Here’s a closer look at the standoff over the $34.7 billion budget:
BATTLE OF EGOS
On the surface the budget stalemate revolves around Christie’s desire to overhaul Horizon Blue Cross Blue Shield, but also in play are the strong personalities of the three principals responsible for passing the budget.
Christie, the brash, tell-it-like-it-is former federal prosecutor whose presidential campaign derailed in part because President Donald Trump played that role better, has staked his final year as governor on overhauling the nonprofit insurer in exchange for his support of more than $300 million worth of Democratic spending priorities.
Christie describes himself as “Mr. Reasonable” but won’t waive his line-item authority that has some Democrats worried.
Democratic Senate President Steve Sweeney is a former ironworker and current union boss as well as the top elected Democrat for the past eight years. He’s holding the line on Horizon because he trusts Christie will make good on a gentleman’s agreement not to line-item veto Democratic priorities.
And Democratic Assembly Speaker Vincent Prieto is a onetime plumber and code-enforcement official from Hudson County, long considered one of the state’s hardest-edged political regions, known for old-school party boss politics. Prieto’s speakership is under threat from another lawmaker who’s already announced a bid against him.
“Egos have to go out the door,” Sweeney said, adding there’s no place for drawing lines in the sand.
Sweeney called a meeting Monday with Horizon and says it’s worth passing the Horizon legislation to get the spending priorities, including $150 million in revamped education spending that he fought for.
But he said that the shutdown won’t be over immediately, if a compromise is reached, because the bill would still have to go through committee for a vote.
Prieto says it’s not worth tweaking the insurer as congressional Republicans contemplate their own health care overhaul. He also says the changes could lead to premium increases.
The Assembly remained open but deadlocked on a budget vote, 14 votes shy of the majority needed to pass.

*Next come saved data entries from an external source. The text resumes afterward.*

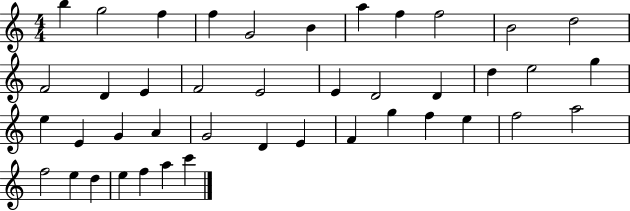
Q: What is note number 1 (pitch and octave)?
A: B5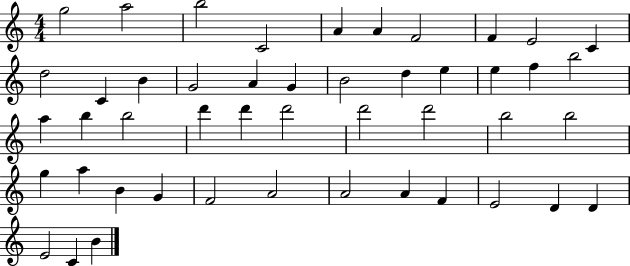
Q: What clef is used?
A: treble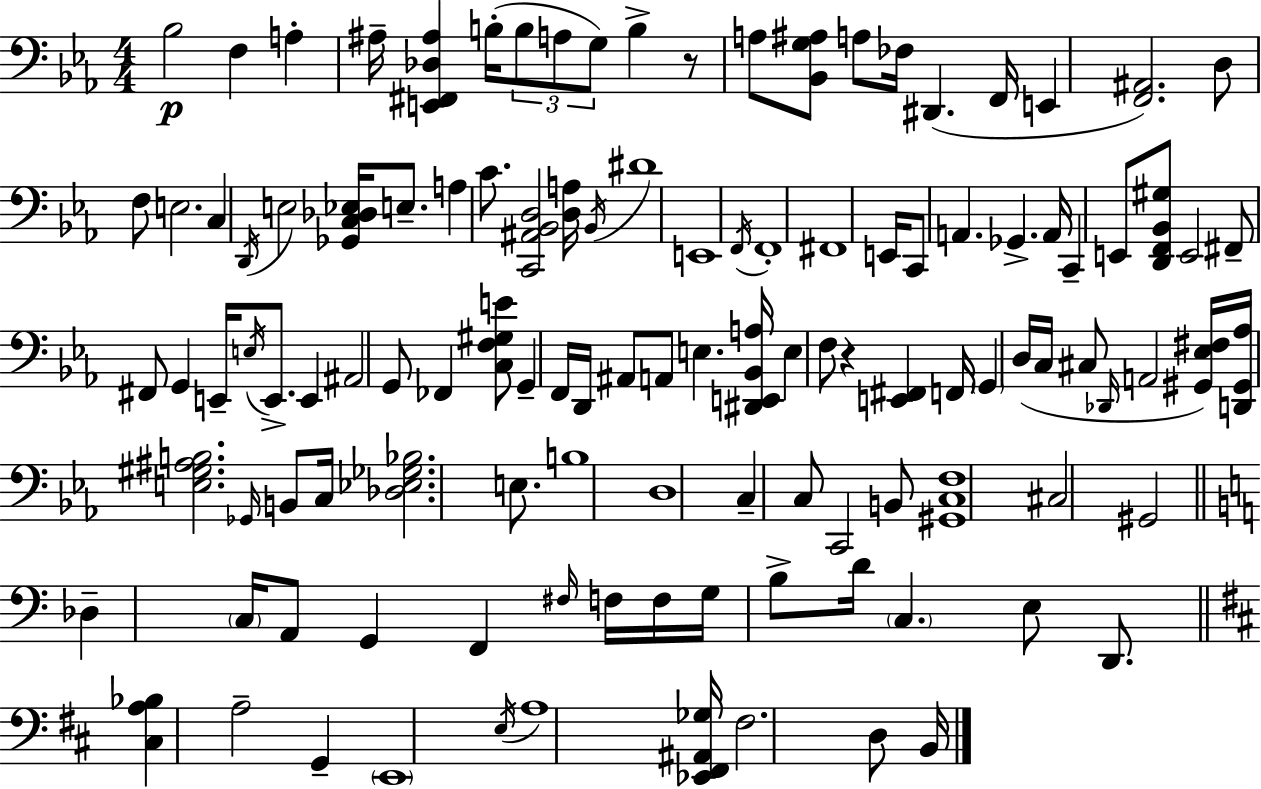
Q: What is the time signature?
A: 4/4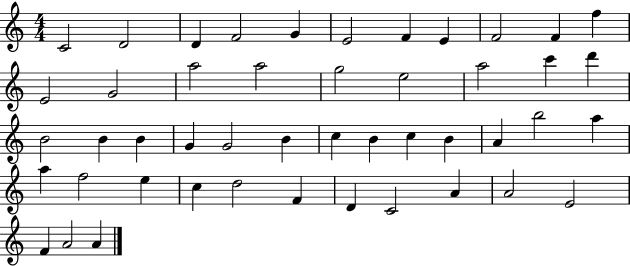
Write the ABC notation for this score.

X:1
T:Untitled
M:4/4
L:1/4
K:C
C2 D2 D F2 G E2 F E F2 F f E2 G2 a2 a2 g2 e2 a2 c' d' B2 B B G G2 B c B c B A b2 a a f2 e c d2 F D C2 A A2 E2 F A2 A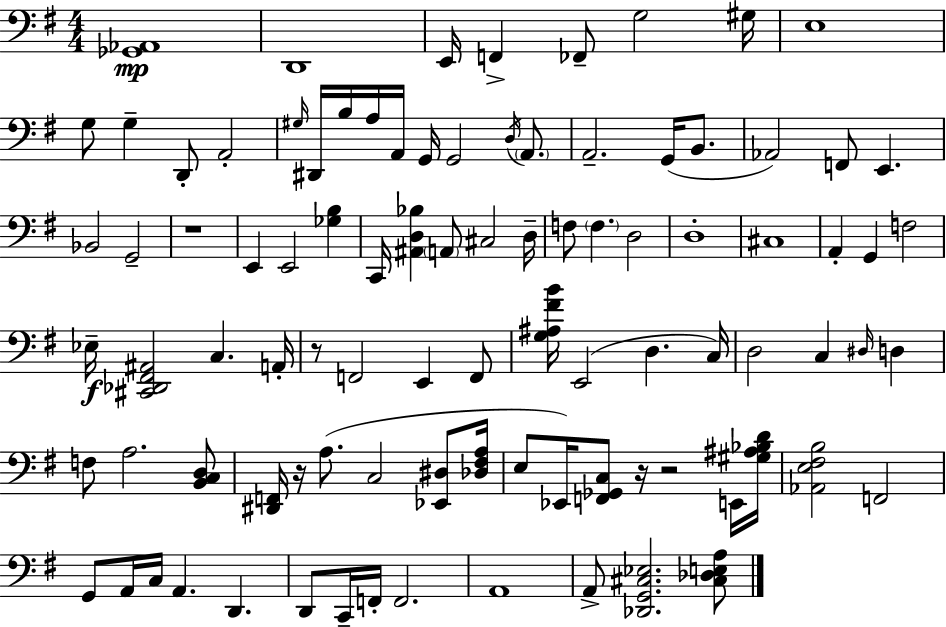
X:1
T:Untitled
M:4/4
L:1/4
K:Em
[_G,,_A,,]4 D,,4 E,,/4 F,, _F,,/2 G,2 ^G,/4 E,4 G,/2 G, D,,/2 A,,2 ^G,/4 ^D,,/4 B,/4 A,/4 A,,/4 G,,/4 G,,2 D,/4 A,,/2 A,,2 G,,/4 B,,/2 _A,,2 F,,/2 E,, _B,,2 G,,2 z4 E,, E,,2 [_G,B,] C,,/4 [^A,,D,_B,] A,,/2 ^C,2 D,/4 F,/2 F, D,2 D,4 ^C,4 A,, G,, F,2 _E,/4 [^C,,_D,,^F,,^A,,]2 C, A,,/4 z/2 F,,2 E,, F,,/2 [G,^A,^FB]/4 E,,2 D, C,/4 D,2 C, ^D,/4 D, F,/2 A,2 [B,,C,D,]/2 [^D,,F,,]/4 z/4 A,/2 C,2 [_E,,^D,]/2 [_D,^F,A,]/4 E,/2 _E,,/4 [F,,_G,,C,]/2 z/4 z2 E,,/4 [^G,^A,_B,D]/4 [_A,,E,^F,B,]2 F,,2 G,,/2 A,,/4 C,/4 A,, D,, D,,/2 C,,/4 F,,/4 F,,2 A,,4 A,,/2 [_D,,G,,^C,_E,]2 [^C,_D,E,A,]/2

Christie argues that the company can be subject to legislation because it was established by statute and four of its board members are appointed by the governor.

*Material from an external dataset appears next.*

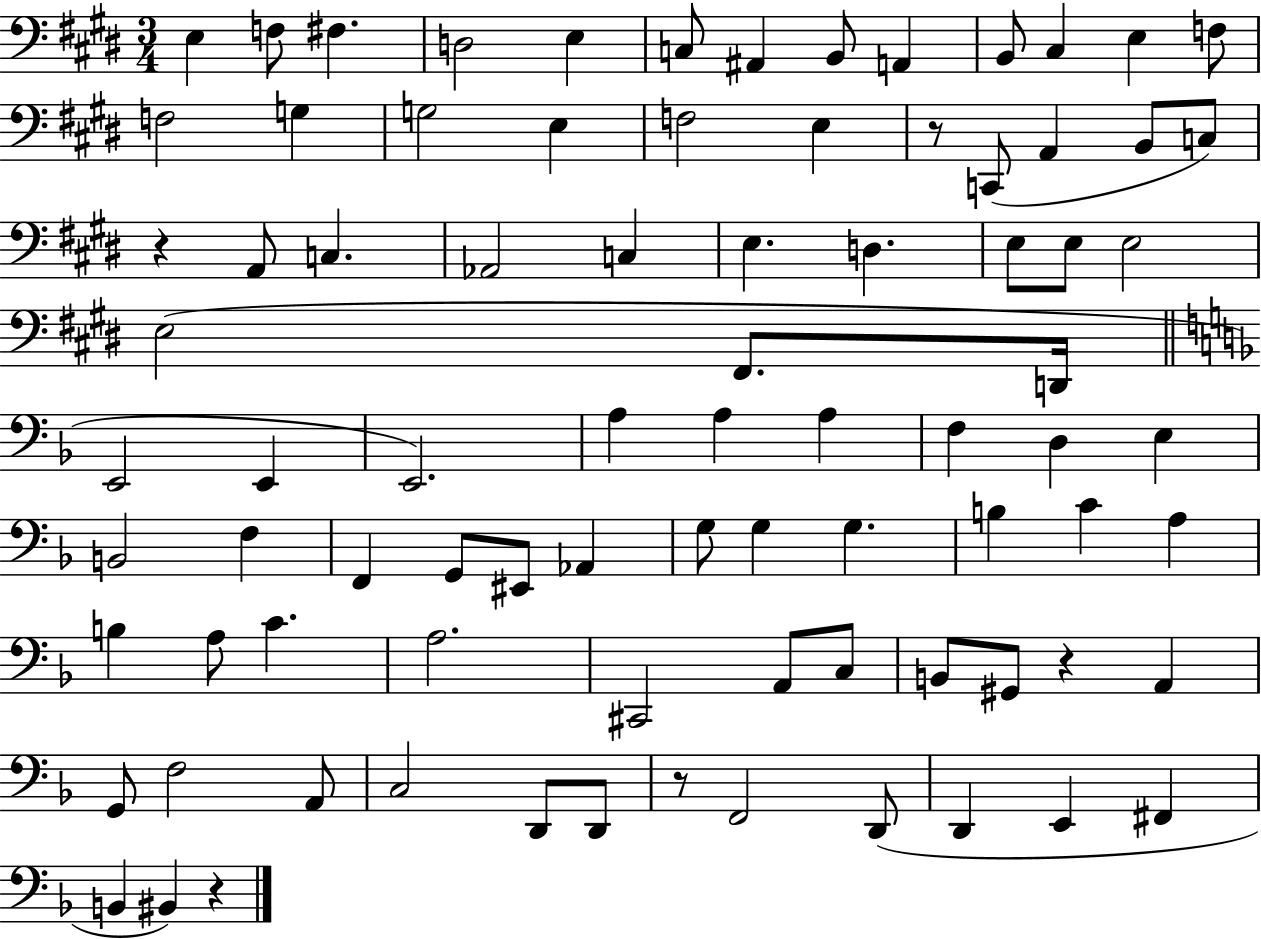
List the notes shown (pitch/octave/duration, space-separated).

E3/q F3/e F#3/q. D3/h E3/q C3/e A#2/q B2/e A2/q B2/e C#3/q E3/q F3/e F3/h G3/q G3/h E3/q F3/h E3/q R/e C2/e A2/q B2/e C3/e R/q A2/e C3/q. Ab2/h C3/q E3/q. D3/q. E3/e E3/e E3/h E3/h F#2/e. D2/s E2/h E2/q E2/h. A3/q A3/q A3/q F3/q D3/q E3/q B2/h F3/q F2/q G2/e EIS2/e Ab2/q G3/e G3/q G3/q. B3/q C4/q A3/q B3/q A3/e C4/q. A3/h. C#2/h A2/e C3/e B2/e G#2/e R/q A2/q G2/e F3/h A2/e C3/h D2/e D2/e R/e F2/h D2/e D2/q E2/q F#2/q B2/q BIS2/q R/q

The company opposes the changes and disagrees with Christie’s reading of the law.
CASINOS AT RISK?
New Jersey officials are looking for ways to ensure that Atlantic City’s casinos can remain open if the shutdown extends past Friday.
A 2008 law passed after the state’s last government shutdown allowed casinos to remain open for up to seven days of a government shutdown.
But lawmakers and regulators are looking for ways to prevent the casinos from having to shut down if the impasse continues beyond Friday just as they are regaining momentum after a disastrous three-year period that saw five of the 12 casinos shut down.
Assemblyman Vince Mazzeo, an Atlantic City-area Democrat, introduced a bill Friday that would let the casinos stay open throughout a state government shutdown.
Associated Press writer Wayne Parry in Atlantic City contributed to this story.